# HOW TO COMPLETE THIS TASK:
Begin at the line below that has "Personalisiertes HochzeitsFoto Glasuntersetzer". Stop after the line that has "Minifigure, Head Male", repeating each line exactly and leaving out the pictures.

# LISTED ENTRIES:
*****

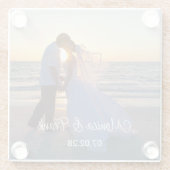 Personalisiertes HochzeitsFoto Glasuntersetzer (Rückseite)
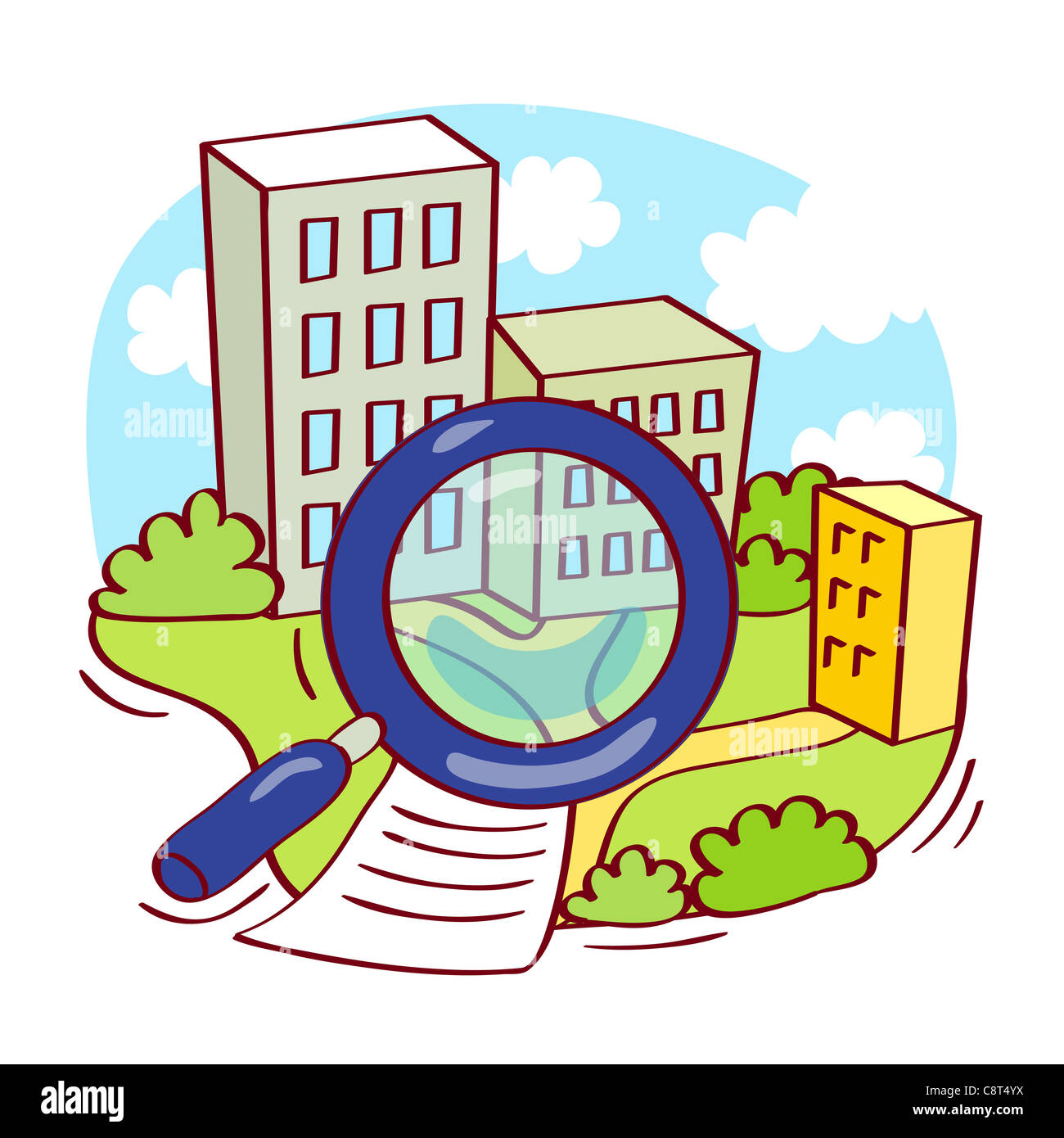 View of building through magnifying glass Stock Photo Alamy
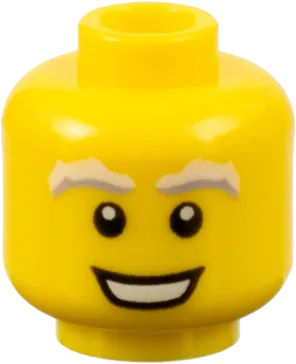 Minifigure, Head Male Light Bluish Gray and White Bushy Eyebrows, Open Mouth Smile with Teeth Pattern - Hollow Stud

*****

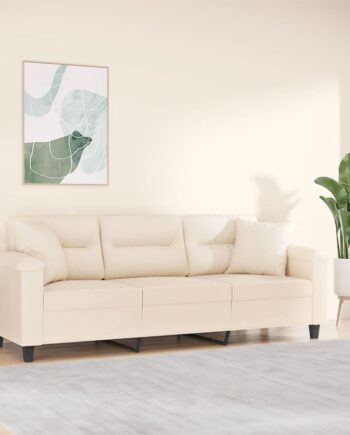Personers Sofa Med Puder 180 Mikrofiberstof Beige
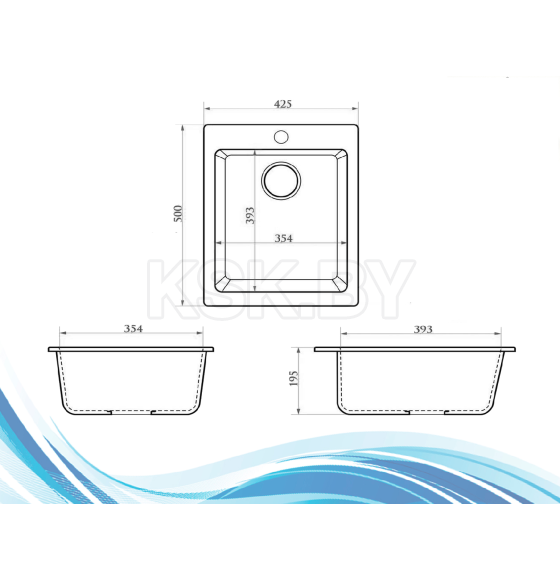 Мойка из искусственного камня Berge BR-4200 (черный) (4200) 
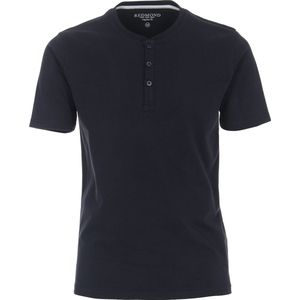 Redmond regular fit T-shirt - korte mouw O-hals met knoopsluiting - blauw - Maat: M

*****

# EXERCISE SOLUTION:
 Personalisiertes HochzeitsFoto Glasuntersetzer (Rückseite)
 View of building through magnifying glass Stock Photo Alamy
 Minifigure, Head Male Light Bluish Gray and White Bushy Eyebrows, Open Mouth Smile with Teeth Pattern - Hollow Stud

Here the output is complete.